The study marked the latest attempt to gauge whether – and when – the rainforest ecosystem might shift, which could be a catastrophic event given the Amazon’s importance in absorbing large amounts of climate-warming carbon dioxide from the atmosphere.
The researchers acknowledged some uncertainty in the projected outcomes but said the trend detailed in the study was clear – that the ecosystem is approaching a shift.
Aside from the possible “savannization” of the rainforest, the researchers mentioned two other possible outcomes: the expansion of degraded forest or an increase in open-canopy ecosystems dominated by fire-tolerant species.
“The pathways are different, but they’re all connected to the loss of biodiversity,” said study co-author Marina Hirota of Brazil’s University of Santa Catarina.
For Indigenous communities or others that rely on the forest for resources, these changes would spell disaster, Hirota said.
“If you live from the forest,” Hirota added, “… you won’t have anything.”
Brazil’s Environment Minister Marina Silva last year said saving the Amazon requires a global effort on a scale with the post-World War Two Marshall Plan.
The new research “shows how close the Amazon forest is to a tipping point,” said climate scientist Carlos Nobre of Brazil’s University of Sao Paulo, who was not part of the study.
Deforestation is exacerbating the risk, with fewer trees generating moisture that rains back down to nourish the forest.
Already, about 18% of the Amazon rainforest has been destroyed, according to Nobre.

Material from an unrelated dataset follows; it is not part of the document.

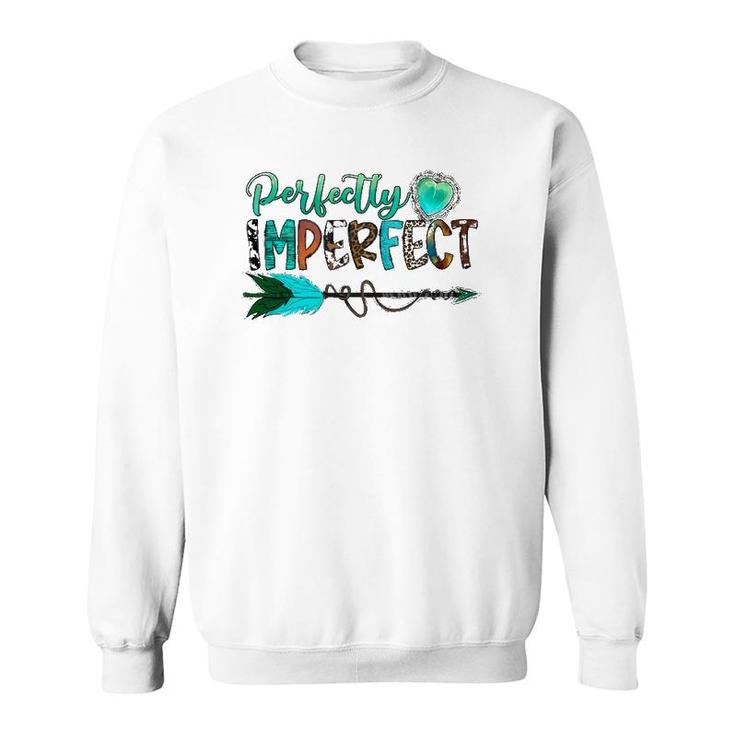 Western Texas Cowgirl Perfectly Turquoise Leopard Imperfect Meditation Sweatshirt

If that figure reaches 20-25%, Nobre said, the forest overall could shift to savannah.
Speaking about the wide range of outcomes envisioned in the new research, ecologist Nicola Clerici of the Universidad del Rosario in Colombia’s capital, Bogota, said more studies are needed to increase the level of scientific certainty.
“This research topic should be on the global agenda,” added Clerici, who was not part of the new study.